I started learning Go a few months ago and am trying to shake the rust off after a project took me out of the Go world for several weeks. I'd appreciate a code review on this flood fill algorithm I wrote for practice.

Specifically I'm looking for points on any code I've written that is unidiomatic in Go, and of course any glaring mistakes that my manual testing didn't catch. Performance is a more minor concern. I'm sure I can tell each node where it came from to improve performance by ~25%, but that's more trouble than it's worth for a little practice code.

package fill

type OrderedPair struct {
x, y int
}

var wg sync.WaitGroup

func FloodFill(graph [][]int, origin OrderedPair) []OrderedPair {
val := graph[origin.y][origin.x]
length := 0
for _, row := range graph {
length += len(row)
}
q := make(chan OrderedPair, length)
q <- origin

seen := make(map[OrderedPair]struct{})

for {
select {
case op := <-q:
if _, found := seen[op]; found {
continue
} else {
seen[op] = struct{}{}
}
for _, mods := range [][]int{{-1, 0}, {1, 0}, {0, -1}, {0, 1}} {
go func(xmod, ymod int) {
newx := op.x + xmod
newy := op.y + ymod
if 0 <= newy && newy < len(graph) && 0 <= newx && newx < len(graph[newy]) {
if graph[newy][newx] == val {
q <- OrderedPair{newx, newy}
}
}
wg.Done()
}(mods[0], mods[1])
}
wg.Wait()
default:
result := make([]OrderedPair, 0, len(seen))
for key := range seen {
result = append(result, key)
}
return result
}
}
}


Particularly I'm not a big fan of the

for {
select {
case DO SOMETHING:
// ...
default:
// wrap up the function and return
}
}


I would much rather my default case break me out of the infinite loop so I handle the cleanup and return on the parent level, but it seems a break in a select statement just breaks the select. Any better way to handle that?

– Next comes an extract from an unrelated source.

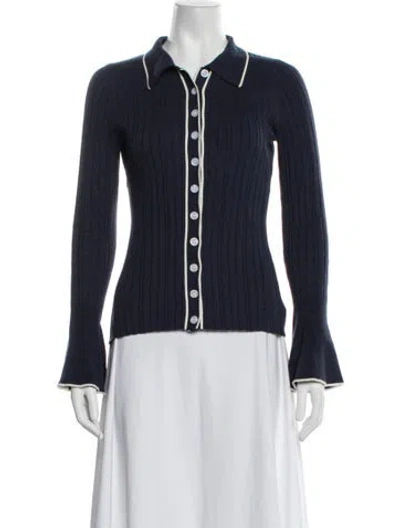 Pre-owned Anna Quan Sweater In Blue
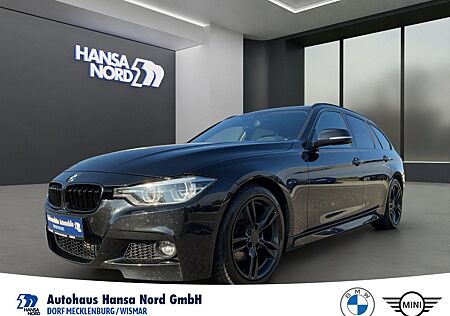 BMW 330d T. M-SPORT LED NAVI HUD LEDER H/K 18" AHK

I'd also like to generalize the function if possible. Since I'm not using any sort of fuzzy-match and I'm giving back []OrderedPair regardless, I should be able to operate on a graph [][]interface{} but the mechanics of that aren't clear to me (I can't pass in a concrete [][]int or [][]string anymore. Do I have to go through the reflect package? That seems like a pain, but might be out of scope for CR)

• in reality the queue need never be larger than the longest perimeter of points inside the graph (not the area of the graph!), but it seems to me that calculating that would be much harder than just allocating a larger queue that can't be exceeded Mar 22, 2016 at 20:24

Have you tried to benchmark your solution against a simpler non-parallel one?

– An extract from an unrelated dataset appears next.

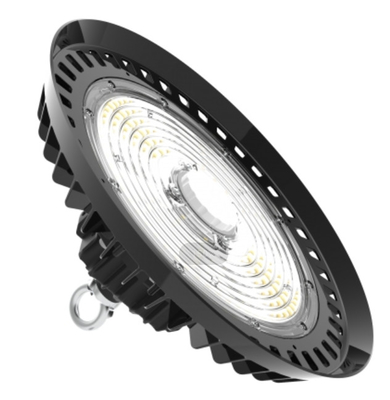 HB4 UFO LED High Bay Lamp với điều khiển không dây Zigbee 1-10V DALI Cảm biến chuyển động làm mờ Cảm biến ánh sáng ban ngày khẩn cấp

go-routines are really cheap, but that's relative to real threads. Your use of the go-routines at such a granular level, and the heavy use of the channel as a queue, are bound to be causing all sorts of memory contention.

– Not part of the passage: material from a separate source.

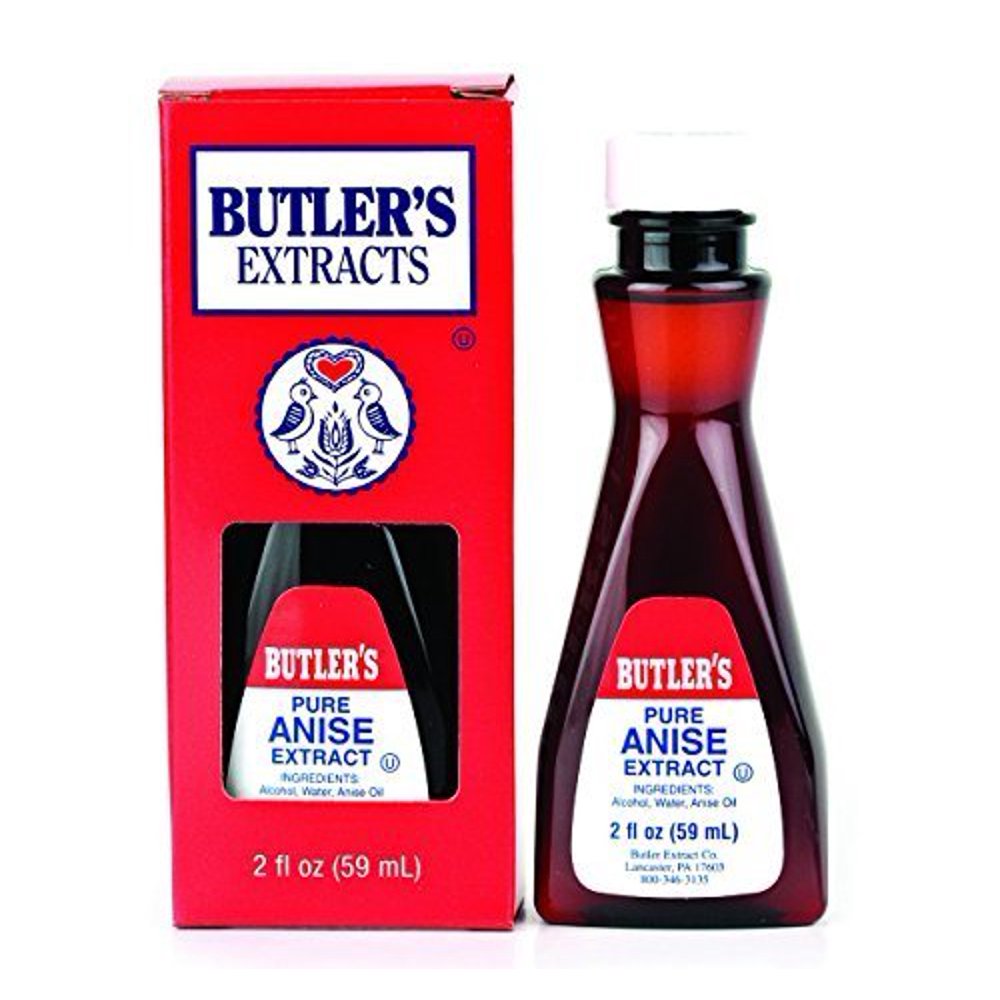 Butler's Pure Anise Extract, 2 Oz. Bottle by Butler's Extracts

I suspect that if you just process the whole lot in a single routine, with a simple slice, that things will be a whole lot faster.... and simpler.

So, turn q in to a make([]OrderedPair, 0, length) (a slice with capactiy for possibly everything), and then append flood-candidates to that.

Your seen map should also possibly be a map[OrderedPair]bool instead of map[OrderedPair]struct{}. It makes the logic easier later... instead of:

if _, found := seen[op]; found {
continue


if seen[op] {
continue


Also, there's no reason to have an 'else' clause to that if. The continue breaks the code block scope, so the else is redundant.

More completely, the following:

        if _, found := seen[op]; found {
continue
} else {
seen[op] = struct{}{}
}


should be:

if seen[op] {
continue
}
seen[op] = true


The WaitGroup is also a problem. It should be declared inside the function.... but really, you don't want goroutines here anyway. Promise.

The up-down-left-right slice could also be simplified a bunch too without the routines. No need for the closures and shadow-copies, and so on.

Instead of the seen map, I would consider having a boolean 2-D slice that matches the same dimensions as the input data (screw the memory footprint, worst-case memory footprint is probably less than worst-case memory for the map anyway)

All told, I would reduce the code to something like:

type OrderedPair struct {
x, y int
}

var mods = [...]struct {
x, y int
}{
{-1, 0}, {1, 0}, {0, -1}, {0, 1},
}

func FloodFill(graph [][]int, origin OrderedPair) []OrderedPair {
val, ok := graph[origin.y][origin.x]
if !ok {
// origin is not part of the graph!?!?!?!?
return nil
}

seen := make([][]bool, len(graph))
for i, row := range graph {
seen[i] = make([]bool, len(row))
}

// let go sort out the appended size.
fill := []OrderedPair{}

// go will shuffle memory too when adding/removing items from q
q := []OrderedPair{origin}

for len(q) > 0 {

// shift the q
op := q[0]
q = q[1:]

if seen[op.y][op.x] {
continue
}

seen[op.y][op.x] = true
fill = append(fill, op)

for _, mod := range mods {
newx := op.x + mod.x
newy := op.y + mod.y
if 0 <= newy && newy < len(graph) && 0 <= newx && newx < len(graph[newy]) {
if graph[newy][newx] == val {
q = append(q, OrderedPair{newx, newy})
}
}
}
}
return fill
}